## MATERIAL TO PROCESS
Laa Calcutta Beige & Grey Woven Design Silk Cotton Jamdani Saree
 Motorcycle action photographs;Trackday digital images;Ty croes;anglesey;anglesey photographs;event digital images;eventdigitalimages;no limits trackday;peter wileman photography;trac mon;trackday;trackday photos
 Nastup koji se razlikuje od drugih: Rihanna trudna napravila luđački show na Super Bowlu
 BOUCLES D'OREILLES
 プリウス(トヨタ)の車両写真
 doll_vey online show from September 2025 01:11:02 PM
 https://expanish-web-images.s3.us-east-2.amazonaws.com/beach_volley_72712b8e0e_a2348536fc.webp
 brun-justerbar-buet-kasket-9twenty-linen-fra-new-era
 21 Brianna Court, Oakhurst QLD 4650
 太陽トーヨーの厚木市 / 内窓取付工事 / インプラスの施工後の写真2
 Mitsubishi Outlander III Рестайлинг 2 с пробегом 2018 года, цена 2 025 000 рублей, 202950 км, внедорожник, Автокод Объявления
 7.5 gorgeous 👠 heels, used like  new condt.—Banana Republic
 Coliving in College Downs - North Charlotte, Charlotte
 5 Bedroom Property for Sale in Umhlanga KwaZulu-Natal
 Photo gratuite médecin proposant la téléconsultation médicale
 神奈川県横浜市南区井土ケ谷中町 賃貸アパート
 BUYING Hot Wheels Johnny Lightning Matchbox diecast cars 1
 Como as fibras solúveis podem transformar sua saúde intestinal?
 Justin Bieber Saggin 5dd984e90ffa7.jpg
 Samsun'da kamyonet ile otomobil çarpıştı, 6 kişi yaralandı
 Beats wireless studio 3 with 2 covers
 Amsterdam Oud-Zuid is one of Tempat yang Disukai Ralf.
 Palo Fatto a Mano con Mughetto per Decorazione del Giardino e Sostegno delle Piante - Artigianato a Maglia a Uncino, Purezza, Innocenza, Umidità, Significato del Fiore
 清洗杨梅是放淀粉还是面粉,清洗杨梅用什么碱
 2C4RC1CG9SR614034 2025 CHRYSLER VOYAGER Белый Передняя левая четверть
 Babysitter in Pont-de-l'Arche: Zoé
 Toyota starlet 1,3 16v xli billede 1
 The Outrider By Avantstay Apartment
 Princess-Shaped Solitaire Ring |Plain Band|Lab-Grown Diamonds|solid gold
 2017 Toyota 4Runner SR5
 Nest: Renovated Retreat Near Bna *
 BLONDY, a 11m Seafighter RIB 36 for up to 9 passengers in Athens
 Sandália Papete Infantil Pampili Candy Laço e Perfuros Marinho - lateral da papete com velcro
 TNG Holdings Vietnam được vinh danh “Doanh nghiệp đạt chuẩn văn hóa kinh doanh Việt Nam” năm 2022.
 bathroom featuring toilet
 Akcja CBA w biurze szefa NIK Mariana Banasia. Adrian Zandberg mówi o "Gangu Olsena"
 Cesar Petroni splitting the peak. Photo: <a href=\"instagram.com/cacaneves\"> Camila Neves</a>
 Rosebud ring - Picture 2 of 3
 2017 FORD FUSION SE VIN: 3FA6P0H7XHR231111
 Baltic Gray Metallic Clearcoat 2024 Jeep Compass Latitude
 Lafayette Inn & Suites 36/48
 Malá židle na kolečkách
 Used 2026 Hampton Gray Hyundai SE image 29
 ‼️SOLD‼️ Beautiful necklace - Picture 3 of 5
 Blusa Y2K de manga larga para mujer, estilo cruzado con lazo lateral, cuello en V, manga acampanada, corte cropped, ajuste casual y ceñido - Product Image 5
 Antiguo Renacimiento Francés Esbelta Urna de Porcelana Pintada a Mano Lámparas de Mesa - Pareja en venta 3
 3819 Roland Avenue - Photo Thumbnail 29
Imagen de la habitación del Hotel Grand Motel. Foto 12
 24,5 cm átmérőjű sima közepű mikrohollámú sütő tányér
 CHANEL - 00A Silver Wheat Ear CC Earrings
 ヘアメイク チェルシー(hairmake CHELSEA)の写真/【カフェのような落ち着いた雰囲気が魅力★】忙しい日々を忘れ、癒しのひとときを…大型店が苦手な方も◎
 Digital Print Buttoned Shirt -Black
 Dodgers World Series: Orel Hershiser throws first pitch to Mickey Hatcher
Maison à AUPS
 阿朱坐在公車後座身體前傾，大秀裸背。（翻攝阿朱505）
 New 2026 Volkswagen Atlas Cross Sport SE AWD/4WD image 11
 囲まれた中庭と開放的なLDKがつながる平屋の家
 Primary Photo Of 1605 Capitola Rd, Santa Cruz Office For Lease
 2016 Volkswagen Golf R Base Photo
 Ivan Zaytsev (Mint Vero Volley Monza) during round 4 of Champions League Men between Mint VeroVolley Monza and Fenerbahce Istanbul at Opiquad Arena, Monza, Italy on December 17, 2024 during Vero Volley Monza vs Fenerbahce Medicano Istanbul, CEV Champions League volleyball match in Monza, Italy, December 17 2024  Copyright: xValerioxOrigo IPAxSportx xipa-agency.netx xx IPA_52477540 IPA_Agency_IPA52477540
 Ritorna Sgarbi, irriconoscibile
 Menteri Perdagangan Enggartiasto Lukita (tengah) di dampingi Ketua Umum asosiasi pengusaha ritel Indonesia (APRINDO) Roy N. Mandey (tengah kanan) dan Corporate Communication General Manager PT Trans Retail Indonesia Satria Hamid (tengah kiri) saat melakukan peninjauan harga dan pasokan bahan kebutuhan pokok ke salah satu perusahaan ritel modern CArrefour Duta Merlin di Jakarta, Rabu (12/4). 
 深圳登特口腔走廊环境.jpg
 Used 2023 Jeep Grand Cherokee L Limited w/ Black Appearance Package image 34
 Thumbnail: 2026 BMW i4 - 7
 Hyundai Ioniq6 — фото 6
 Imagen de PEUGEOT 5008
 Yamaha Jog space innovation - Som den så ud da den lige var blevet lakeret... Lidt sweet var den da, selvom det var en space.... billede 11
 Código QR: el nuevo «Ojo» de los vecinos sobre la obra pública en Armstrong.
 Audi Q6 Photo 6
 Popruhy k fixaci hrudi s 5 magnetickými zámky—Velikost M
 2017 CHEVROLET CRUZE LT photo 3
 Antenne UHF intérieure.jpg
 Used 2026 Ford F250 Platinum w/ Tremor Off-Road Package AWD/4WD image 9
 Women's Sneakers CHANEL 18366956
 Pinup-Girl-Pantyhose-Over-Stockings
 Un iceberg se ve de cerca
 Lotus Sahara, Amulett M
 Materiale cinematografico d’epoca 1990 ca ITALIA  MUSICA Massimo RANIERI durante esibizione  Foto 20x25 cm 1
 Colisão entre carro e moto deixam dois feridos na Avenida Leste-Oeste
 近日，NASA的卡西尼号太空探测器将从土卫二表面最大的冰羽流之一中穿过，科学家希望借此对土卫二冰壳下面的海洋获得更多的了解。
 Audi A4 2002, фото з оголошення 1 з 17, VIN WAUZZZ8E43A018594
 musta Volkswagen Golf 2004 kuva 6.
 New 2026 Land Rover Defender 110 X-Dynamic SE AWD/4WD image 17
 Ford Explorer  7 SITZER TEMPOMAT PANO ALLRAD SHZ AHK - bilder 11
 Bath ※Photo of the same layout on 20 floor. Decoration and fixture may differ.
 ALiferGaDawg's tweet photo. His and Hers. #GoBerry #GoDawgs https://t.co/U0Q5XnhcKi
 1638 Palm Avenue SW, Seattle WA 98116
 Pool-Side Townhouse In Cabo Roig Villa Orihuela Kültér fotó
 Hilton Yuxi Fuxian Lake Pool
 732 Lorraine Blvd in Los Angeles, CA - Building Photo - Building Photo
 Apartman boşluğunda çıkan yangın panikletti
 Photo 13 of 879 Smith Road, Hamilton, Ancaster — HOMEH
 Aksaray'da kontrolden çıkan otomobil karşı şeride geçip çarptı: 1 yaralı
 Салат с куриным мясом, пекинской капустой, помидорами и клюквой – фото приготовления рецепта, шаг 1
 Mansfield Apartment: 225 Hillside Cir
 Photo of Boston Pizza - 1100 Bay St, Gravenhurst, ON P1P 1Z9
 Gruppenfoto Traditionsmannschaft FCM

## WHAT IS BEING ASKED
Where the listing above has a line with "Audi A4 2002, фото", start there, and output every line exactly through the line with "- bilder 11", which is also included.

## ANSWER SPACE
 Audi A4 2002, фото з оголошення 1 з 17, VIN WAUZZZ8E43A018594
 musta Volkswagen Golf 2004 kuva 6.
 New 2026 Land Rover Defender 110 X-Dynamic SE AWD/4WD image 17
 Ford Explorer  7 SITZER TEMPOMAT PANO ALLRAD SHZ AHK - bilder 11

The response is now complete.